With ever-increasing focus on delivering return on investment (ROI) in business, many organizations have implemented Program Management and Portfolio Management functions to improve project success levels. Do you know the similarities and differences between them? Let’s take a closer look at what Program and Portfolio Managers do, and how they can improve your bottom line!
First, let’s get some definitions in place, and do some comparisons. Then, we can look at how organizations implement Portfolios and Programs to realize success. The quick definitions from the PMBOK Guide 5th Edition are:
- A project is a temporary endeavor undertaken to create a unique product, service, or result. Project Management is the science (and art) of organizing the components of a project. It involves the planning of an organization’s resources in order to move a specific project towards completion.
- A program is a group of related projects managed in a coordinated way to obtain benefits and control not available from managing them individually. Program Management is the application of knowledge, skills, tools, and techniques to a program in order to meet the program requirements and to obtain benefits and control not available by managing project individually.
- A portfolio is a collection of projects and/or programs and other work that are grouped together to facilitate the effective management of that work to meet strategic business objectives. Portfolio Management refers to the centralized management of one or more portfolios to achieve strategic objectives.

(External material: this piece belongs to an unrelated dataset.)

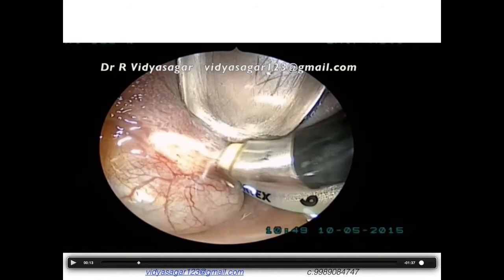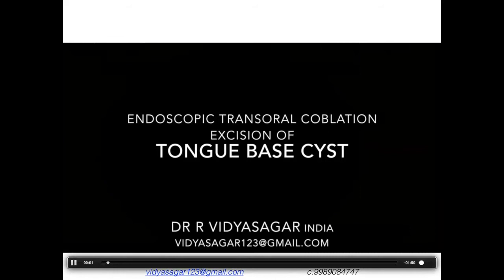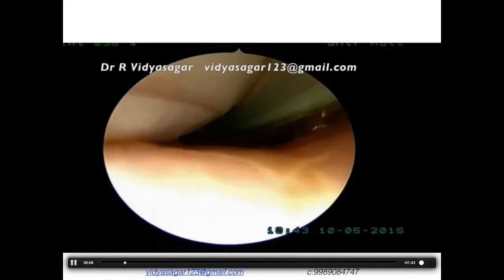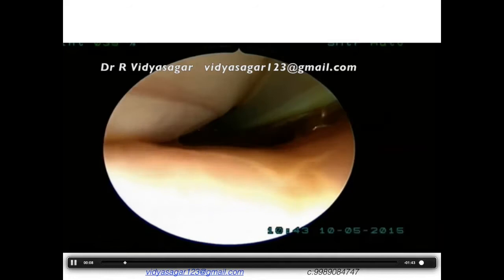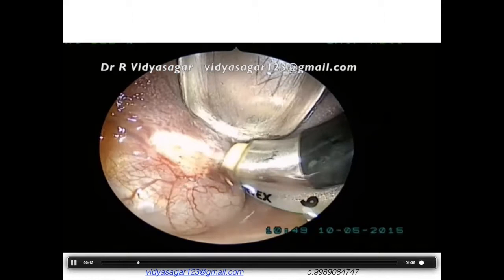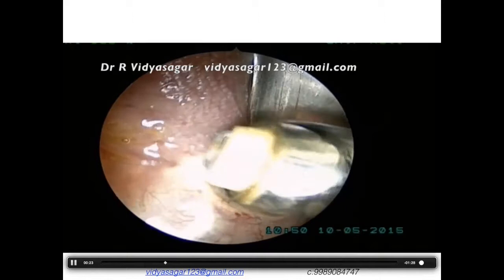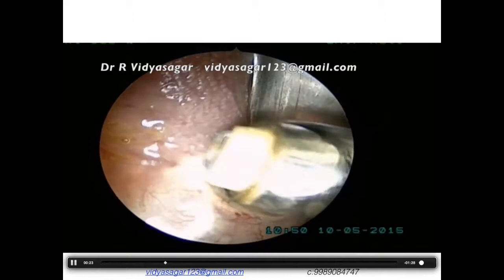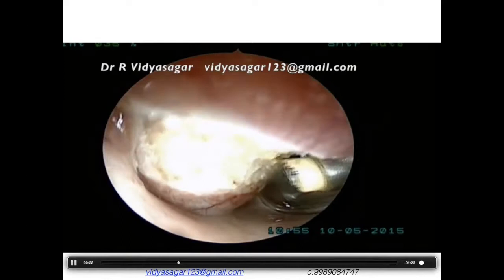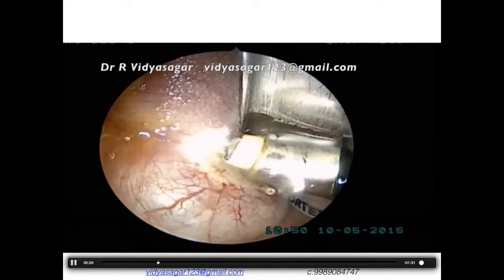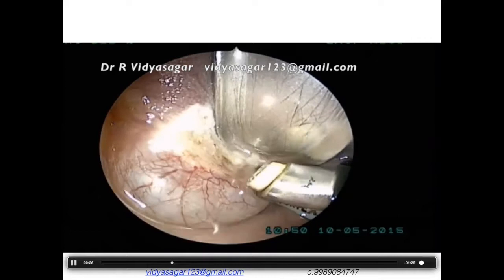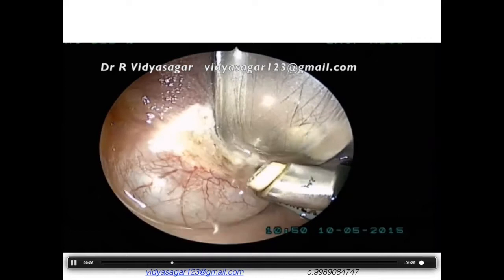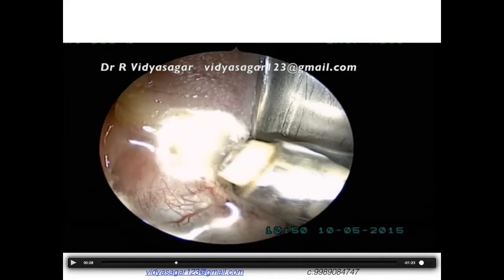We intubated the child with nasotracheal intubation using a regular Mackintosh laryngoscope. With the coblator in one hand and endoscope in the other, and assistant holding the laryngoscope, we applied the coblator while leaving a one millimeter space between the lesion and the wand — this is very important. You need the plasma interface for coblation to work; only with a millimeter gap will the ablation procedure work.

The focus on objectives in these definitions is the key distinguisher between Program Management and Portfolio Management:
Program management is focused on tactically improving a group of mutually beneficial projects, and other initiatives, as a whole.
Portfolio management is focused on achieving strategic business goals from a collection of programs and projects which aren’t necessarily related.

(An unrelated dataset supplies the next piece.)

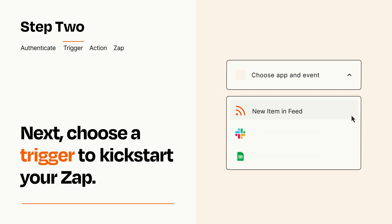Now let's set up your trigger, which is the event that starts your Zap. Pick the trigger event that you want from the list.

Let’s look at a simple example to explore how the difference impacts a business:
Let’s assume our fictitious company Real Estate Gurus (REG) is in the real estate business to provide housing projects of various types. REG management and board have a strategic goal to improve the net profit of the company.
Debbie has been assigned as the Portfolio Manager. The Portfolio is categorized into buckets that allow Debbie to group projects and programs according to their potential profit (high, medium, low) each with their corresponding risk levels. Debbie’s efforts are focused on increasing the overall profits of the Portfolio. She has selected several high ROI (and high risk) projects to maximize profits.

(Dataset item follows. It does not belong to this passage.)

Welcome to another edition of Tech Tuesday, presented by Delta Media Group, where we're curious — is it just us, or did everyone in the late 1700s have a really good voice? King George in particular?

In Debbie’s portfolio there are projects for new house construction, projects for remodeling of new apartments, projects for marketing new homes, and projects for improving the efficiency of new home designs using IT tools.
The Programs in place at REG consist of:
Construction projects, managed by Allan (Program Manager for Construction) Marketing projects, managed by Kathy (Program Manager for Marketing) IT for Construction projects, managed by Steve (Program Manager for IT) Allan, Program Manager for Construction is focused on improving the efficiency of projects selected, consolidating resource orders to get best pricing, using common practices and vendors for the apartment remodels we’re doing, and eliminating wasted time by identifying unused resources across multiple active projects.
To lessen the overall portfolio risk, Debbie has worked with Allan to initiate a new project to study “Best Practices” in the remodeling of new apartments. Robert, a Project Manager at REG has been assigned to that specific project.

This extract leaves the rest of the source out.